Schröder ist Vorstandsmitglied von ver.di und strebt unter den Bedingungen der Digitalisierung nach der Aufrechterhaltung des gewerkschaftlichen Leitbilds „Guter Arbeit“. Er ist überzeugt, dass ein Blick auf die Anfänge der technischen Revolution dabei behilflich sein kann, die aktuellen Geschehnisse besser einordnen und begreifen zu können. Mit dem Sinnbild der digitalen Treppe greift Schröder den Ansatz des Informatikers Wolfgang Coy auf. Darin werden die einzelnen Entwicklungsstufen des Computers vom Automaten zum Werkzeug zum Medium skizziert. Diese Stufen lassen sich sowohl durch die Fähigkeiten, als auch die jeweiligen Einsatzmöglichkeiten der digitalen Technik voneinander differenzieren. Typischerweise gehen mit dem Erreichen einer neuen Evolutionsstufe charakteristische Problemlagen einher, die laut Schröder (zumindest teilweise) durch gewerkschaftliche Interventionen abgefedert werden konnten. Der Übergang von der einen zur anderen Stufe, bedeutet jedoch keine Überwindung dieser Herausforderungen. Vielmehr handelt es sich um kontinuierliche Ergänzungen. Auch wenn der Computer als Medium fungiert, wird er schließlich weiterhin als Automat und Werkzeug eingesetzt. Mehr Nutzungsmöglichkeiten bedeuten also auch mehr Risiken. Schröder selbst erweitert diese Klassifikation aus dem Jahre 1995 durch drei weitere Stufen: Plattform, Begleiter und Prophet. Die zunehmende Geschwindigkeit, mit der sich diese Entwicklung vollzieht, hat für alle Beteiligten sowohl Vor- als auch Nachteile. Einerseits verändern technische Errungenschaften unsere Lebens- und Arbeitssphäre in Bezug auf Schnelligkeit, Effizienz und Produktivität. Andererseits gehen damit auch neue Problemfelder (z. B. verschärfte Arbeitsmarktkonkurrenz, Bedrohung der Work-Life-Balance, Gefährdung der Persönlichkeitsrechte des Menschen) einher, die es zu bearbeiten und lösen gilt.

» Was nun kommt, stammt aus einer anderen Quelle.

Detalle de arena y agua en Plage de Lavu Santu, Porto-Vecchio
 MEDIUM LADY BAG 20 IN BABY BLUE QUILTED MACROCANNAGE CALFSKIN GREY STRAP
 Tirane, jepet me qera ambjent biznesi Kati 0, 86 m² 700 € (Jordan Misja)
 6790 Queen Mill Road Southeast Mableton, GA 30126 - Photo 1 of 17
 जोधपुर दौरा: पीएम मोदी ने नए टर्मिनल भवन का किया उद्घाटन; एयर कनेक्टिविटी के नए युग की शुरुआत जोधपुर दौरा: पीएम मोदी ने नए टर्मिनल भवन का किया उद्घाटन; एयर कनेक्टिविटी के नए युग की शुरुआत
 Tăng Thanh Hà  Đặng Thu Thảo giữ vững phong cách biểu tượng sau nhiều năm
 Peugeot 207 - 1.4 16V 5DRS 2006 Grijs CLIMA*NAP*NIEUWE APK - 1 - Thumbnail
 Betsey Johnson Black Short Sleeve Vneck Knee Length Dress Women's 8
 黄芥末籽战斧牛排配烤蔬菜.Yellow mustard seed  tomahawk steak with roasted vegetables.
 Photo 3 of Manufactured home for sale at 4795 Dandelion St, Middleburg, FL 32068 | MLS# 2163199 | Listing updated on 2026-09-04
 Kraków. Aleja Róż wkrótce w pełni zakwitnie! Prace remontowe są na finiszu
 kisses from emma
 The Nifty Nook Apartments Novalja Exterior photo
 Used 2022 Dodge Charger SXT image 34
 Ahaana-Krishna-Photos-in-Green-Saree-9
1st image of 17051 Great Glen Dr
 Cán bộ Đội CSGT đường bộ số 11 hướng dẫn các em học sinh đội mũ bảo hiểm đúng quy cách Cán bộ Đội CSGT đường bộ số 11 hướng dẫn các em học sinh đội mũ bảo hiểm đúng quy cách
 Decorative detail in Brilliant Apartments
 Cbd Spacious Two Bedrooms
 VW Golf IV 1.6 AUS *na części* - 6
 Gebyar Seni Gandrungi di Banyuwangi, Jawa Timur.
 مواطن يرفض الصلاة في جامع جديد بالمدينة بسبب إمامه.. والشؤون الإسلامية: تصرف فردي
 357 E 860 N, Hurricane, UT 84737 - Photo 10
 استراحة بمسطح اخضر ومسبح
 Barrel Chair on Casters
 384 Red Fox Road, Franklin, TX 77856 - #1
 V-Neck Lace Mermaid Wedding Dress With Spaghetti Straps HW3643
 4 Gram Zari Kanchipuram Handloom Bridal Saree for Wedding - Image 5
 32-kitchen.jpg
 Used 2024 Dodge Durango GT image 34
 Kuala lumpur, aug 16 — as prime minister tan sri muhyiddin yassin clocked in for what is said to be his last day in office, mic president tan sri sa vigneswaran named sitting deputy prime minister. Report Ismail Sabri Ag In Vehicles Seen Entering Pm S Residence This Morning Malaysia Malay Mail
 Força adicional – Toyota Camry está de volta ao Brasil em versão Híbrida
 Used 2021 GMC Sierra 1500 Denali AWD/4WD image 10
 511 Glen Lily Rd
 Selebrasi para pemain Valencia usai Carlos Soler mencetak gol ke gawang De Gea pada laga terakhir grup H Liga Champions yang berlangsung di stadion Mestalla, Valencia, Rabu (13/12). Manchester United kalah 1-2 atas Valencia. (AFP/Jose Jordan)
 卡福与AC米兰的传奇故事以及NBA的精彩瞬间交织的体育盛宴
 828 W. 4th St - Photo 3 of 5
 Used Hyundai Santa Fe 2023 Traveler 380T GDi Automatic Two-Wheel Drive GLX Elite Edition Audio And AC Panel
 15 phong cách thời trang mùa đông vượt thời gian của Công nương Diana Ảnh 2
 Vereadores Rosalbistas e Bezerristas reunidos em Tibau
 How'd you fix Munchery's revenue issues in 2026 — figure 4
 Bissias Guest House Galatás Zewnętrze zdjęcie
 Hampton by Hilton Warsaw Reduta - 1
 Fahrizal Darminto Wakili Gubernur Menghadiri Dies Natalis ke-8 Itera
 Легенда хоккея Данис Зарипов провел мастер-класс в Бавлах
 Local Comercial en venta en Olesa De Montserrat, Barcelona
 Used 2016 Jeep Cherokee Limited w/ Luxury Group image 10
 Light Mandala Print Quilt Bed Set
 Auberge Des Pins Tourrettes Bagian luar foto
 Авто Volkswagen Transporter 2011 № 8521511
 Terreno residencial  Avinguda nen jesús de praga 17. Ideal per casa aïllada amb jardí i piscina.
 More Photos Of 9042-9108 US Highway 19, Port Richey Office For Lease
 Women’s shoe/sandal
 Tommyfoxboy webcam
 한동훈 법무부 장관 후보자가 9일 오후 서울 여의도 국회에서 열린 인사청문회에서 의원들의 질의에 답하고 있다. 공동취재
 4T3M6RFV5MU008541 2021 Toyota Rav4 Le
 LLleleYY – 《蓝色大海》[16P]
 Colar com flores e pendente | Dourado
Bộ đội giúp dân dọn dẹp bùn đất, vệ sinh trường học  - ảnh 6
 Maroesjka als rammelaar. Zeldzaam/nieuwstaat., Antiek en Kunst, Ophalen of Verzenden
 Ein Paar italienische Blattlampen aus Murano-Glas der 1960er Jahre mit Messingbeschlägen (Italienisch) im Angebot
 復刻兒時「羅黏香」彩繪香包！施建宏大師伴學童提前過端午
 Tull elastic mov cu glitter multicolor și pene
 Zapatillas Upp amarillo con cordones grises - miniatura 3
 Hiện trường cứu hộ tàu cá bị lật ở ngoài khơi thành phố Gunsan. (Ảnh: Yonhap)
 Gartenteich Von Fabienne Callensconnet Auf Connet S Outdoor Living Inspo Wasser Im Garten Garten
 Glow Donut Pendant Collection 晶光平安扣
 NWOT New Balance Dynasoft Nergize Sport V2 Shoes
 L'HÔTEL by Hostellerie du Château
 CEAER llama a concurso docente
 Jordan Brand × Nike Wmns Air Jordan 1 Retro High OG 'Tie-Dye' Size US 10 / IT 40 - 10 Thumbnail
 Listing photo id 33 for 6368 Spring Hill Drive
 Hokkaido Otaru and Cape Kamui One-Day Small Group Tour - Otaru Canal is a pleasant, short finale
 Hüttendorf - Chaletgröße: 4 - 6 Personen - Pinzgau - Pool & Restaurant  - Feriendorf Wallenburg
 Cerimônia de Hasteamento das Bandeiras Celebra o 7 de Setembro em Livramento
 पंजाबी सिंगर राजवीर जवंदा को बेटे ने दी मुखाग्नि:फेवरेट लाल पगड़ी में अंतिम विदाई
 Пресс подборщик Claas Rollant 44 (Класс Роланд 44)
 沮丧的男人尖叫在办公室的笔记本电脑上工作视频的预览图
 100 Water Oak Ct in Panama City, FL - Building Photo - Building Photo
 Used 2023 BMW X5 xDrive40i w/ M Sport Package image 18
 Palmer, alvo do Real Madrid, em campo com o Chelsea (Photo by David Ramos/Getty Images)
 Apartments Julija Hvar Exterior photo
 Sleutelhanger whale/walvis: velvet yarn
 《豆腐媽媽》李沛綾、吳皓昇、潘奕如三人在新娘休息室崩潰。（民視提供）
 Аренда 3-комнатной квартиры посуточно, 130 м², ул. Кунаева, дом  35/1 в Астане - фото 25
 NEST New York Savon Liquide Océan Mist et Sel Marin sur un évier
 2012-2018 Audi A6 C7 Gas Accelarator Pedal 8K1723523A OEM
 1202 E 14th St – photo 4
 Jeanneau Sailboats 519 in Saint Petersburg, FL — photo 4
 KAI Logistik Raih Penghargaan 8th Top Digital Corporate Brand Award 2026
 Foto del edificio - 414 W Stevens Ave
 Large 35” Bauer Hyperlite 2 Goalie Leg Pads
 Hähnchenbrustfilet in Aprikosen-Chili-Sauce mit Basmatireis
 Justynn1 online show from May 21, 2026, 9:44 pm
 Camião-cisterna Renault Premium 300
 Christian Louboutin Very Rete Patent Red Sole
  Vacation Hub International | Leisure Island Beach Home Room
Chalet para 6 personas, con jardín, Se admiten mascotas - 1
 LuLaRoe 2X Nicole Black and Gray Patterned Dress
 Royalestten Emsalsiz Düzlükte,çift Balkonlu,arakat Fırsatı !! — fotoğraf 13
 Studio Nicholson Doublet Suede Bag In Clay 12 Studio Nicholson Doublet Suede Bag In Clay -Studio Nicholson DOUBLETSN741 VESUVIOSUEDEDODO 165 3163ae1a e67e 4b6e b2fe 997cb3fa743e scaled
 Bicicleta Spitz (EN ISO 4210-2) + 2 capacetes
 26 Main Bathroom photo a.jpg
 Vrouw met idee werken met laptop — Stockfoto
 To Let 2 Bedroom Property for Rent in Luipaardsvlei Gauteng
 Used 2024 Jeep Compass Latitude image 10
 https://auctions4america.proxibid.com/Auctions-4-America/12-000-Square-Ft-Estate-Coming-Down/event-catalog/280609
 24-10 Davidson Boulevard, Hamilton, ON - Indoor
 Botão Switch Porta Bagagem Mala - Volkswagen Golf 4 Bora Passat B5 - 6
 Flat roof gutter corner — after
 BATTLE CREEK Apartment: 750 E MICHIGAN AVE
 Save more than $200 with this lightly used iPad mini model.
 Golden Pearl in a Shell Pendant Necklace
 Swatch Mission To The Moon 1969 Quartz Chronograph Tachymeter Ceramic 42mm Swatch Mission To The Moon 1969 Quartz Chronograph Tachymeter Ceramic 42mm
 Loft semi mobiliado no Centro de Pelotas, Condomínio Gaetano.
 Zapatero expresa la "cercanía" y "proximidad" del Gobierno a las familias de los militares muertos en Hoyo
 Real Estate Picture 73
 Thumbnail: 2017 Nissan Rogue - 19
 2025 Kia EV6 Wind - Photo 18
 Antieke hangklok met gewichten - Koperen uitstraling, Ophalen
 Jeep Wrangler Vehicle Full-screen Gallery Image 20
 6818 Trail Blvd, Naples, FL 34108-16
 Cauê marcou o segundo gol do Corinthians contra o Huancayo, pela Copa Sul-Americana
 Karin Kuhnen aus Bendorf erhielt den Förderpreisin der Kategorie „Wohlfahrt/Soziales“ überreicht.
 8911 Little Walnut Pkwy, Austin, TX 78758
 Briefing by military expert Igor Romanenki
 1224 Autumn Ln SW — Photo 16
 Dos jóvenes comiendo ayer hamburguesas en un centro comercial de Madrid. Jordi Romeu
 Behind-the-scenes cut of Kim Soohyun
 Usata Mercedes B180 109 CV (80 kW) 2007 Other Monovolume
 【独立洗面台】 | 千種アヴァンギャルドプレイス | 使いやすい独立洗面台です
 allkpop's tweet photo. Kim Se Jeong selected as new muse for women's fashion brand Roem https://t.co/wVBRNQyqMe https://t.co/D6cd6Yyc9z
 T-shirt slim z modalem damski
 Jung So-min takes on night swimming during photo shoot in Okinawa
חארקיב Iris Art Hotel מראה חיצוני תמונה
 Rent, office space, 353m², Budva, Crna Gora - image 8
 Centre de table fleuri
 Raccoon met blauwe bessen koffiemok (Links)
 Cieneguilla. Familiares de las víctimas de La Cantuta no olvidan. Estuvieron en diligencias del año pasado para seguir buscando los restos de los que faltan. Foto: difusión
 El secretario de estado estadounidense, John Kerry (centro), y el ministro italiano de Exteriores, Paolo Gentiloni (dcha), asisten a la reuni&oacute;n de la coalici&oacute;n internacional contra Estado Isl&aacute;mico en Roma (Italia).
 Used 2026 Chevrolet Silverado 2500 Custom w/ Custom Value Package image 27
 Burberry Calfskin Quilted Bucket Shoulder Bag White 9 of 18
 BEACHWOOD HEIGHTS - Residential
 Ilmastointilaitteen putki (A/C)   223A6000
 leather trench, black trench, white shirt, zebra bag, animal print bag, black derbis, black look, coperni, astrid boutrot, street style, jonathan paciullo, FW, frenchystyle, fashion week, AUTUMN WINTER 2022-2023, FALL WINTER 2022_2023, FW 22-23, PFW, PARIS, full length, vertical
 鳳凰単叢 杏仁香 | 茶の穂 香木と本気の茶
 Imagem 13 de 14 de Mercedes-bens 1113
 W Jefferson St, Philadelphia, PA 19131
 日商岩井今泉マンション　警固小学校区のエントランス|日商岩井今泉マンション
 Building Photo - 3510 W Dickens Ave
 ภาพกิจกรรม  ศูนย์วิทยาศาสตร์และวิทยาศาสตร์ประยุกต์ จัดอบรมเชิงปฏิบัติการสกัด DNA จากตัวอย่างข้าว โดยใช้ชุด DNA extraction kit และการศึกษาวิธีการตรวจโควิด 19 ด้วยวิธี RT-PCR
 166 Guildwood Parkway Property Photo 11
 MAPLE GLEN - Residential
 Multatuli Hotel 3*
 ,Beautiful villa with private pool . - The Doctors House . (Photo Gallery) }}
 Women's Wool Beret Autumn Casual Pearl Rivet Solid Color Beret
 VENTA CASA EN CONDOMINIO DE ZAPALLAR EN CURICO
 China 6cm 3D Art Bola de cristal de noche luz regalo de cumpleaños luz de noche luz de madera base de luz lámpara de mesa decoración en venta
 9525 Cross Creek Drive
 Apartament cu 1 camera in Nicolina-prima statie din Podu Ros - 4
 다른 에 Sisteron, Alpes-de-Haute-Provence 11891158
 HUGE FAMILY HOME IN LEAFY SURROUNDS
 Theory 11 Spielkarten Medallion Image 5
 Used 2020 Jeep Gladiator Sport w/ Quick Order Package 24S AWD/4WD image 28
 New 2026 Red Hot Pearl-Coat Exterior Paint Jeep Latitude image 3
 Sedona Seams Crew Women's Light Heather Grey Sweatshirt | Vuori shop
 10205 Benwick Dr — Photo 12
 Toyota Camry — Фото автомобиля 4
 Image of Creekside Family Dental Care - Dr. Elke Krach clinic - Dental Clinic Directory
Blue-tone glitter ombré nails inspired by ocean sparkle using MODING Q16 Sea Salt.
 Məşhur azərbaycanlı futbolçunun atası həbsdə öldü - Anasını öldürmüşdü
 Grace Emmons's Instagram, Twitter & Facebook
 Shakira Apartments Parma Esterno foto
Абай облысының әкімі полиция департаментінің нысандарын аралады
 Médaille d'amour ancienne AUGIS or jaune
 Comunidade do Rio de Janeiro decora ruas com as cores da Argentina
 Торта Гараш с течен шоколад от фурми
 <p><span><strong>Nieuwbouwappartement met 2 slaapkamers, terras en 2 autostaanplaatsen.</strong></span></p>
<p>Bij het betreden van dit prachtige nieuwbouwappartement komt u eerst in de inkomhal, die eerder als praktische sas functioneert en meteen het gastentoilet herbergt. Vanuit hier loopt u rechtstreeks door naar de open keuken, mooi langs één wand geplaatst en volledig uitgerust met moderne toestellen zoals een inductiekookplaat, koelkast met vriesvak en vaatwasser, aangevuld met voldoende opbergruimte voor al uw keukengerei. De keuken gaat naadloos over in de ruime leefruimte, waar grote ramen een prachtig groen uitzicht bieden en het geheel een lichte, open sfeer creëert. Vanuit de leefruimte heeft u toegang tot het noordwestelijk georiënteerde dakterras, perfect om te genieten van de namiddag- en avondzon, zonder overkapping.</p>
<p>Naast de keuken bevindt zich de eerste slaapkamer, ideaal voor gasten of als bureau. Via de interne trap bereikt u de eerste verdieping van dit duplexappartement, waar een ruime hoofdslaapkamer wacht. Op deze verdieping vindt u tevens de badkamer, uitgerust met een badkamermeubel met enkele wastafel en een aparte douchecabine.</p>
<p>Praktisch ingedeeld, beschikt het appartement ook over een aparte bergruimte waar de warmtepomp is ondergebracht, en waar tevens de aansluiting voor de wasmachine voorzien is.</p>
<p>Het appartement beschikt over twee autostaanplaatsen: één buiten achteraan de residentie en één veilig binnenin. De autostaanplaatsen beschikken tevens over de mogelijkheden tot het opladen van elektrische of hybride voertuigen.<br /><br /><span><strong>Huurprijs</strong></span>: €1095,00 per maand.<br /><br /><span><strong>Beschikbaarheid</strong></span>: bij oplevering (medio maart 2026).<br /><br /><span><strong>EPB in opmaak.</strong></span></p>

Schröder adressiert alle, die sich intensiver mit den zu erwartenden Nebenwirkungen des digitalen Wandels am Arbeitsmarkt auseinandersetzen möchten. Dazu gehören beispielsweise veränderte Qualifikationsanforderungen oder flexible Arbeitsarrangement. Sein Fokus liegt jedoch eindeutig auf den Interessensvertretungen der Arbeitnehmer, d. h. Betriebs- und Personalräte, Gewerkschaften sowie sonstige Akteure der betrieblichen Mitbestimmung. Sie sollen die Rolle der aktiven Zukunftsgestalter übernehmen, ihre Arbeitsweise an die neuen Gegebenheiten anpassen und zugleich verhindern, dass Arbeitnehmer die Digitalisierung einfach über sich ergehen lassen. Positiv fällt auf, dass Schröder bereits konkrete Strategien (z. B. nebenberufliche Weiterbildungsformate, verringerte Wochenarbeitszeit) vorschlägt, die dabei behilflich sein sollen, den Anforderungen der Zukunft gerecht werden zu können – sowohl auf betrieblicher als auch auf gesamtwirtschaftlicher Ebene. Weitere Ausführungen dazu, wie die digitale Technik zur Umsetzung dieser Strategien zielführend eingesetzt werden kann – der Wandel revolutioniert immerhin nicht nur den Arbeitsmarkt, sondern auch die Bildungslandschaft – würden die Schrift aber wohl noch einen Tick besser abrunden.